__DATA TO USE__
+++
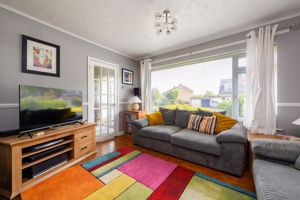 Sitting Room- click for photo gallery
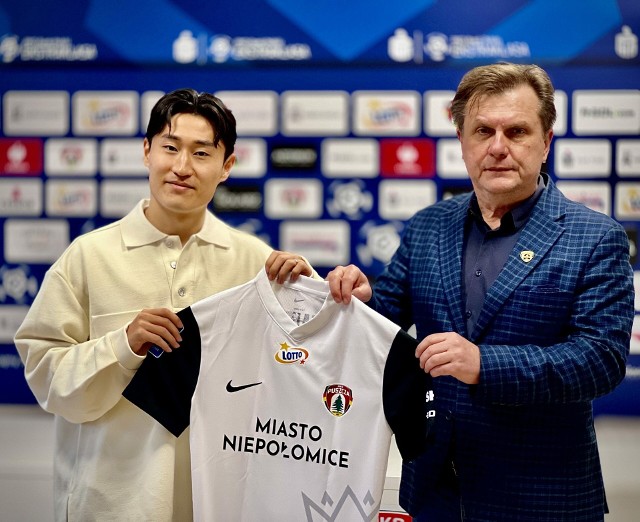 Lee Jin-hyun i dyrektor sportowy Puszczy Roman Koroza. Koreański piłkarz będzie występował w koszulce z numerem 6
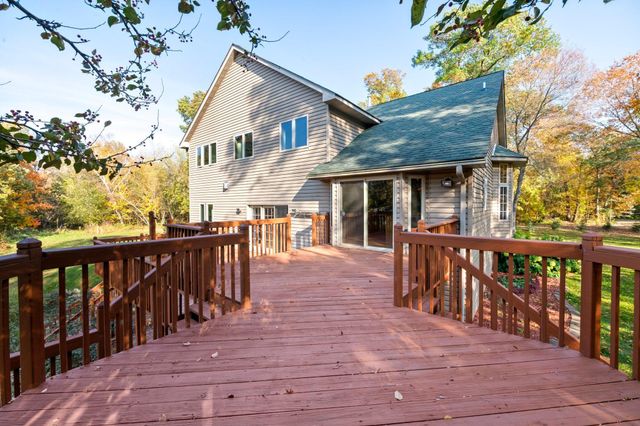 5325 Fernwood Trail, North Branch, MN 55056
+++
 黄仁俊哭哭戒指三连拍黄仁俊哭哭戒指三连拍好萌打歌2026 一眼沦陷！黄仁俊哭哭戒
+++
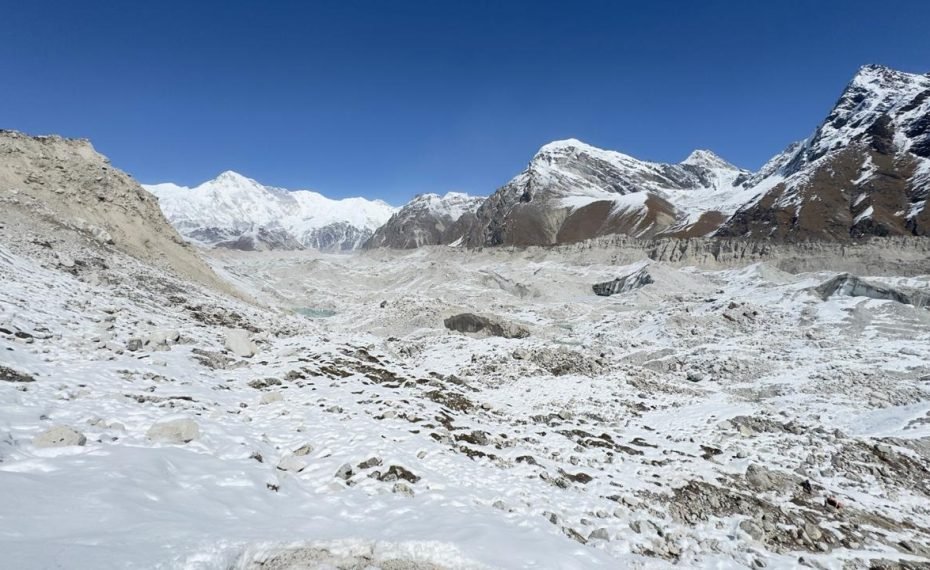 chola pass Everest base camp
+++
__ACTIVITY__
Look above for the line with "Lee Jin-hyun i" and the line with "5325 Fernwood Trail, North Branch, MN 55056". Copy them and every line between, exactly, but no pictures.

__RESULT OF THIS EXERCISE__
 Lee Jin-hyun i dyrektor sportowy Puszczy Roman Koroza. Koreański piłkarz będzie występował w koszulce z numerem 6
 5325 Fernwood Trail, North Branch, MN 55056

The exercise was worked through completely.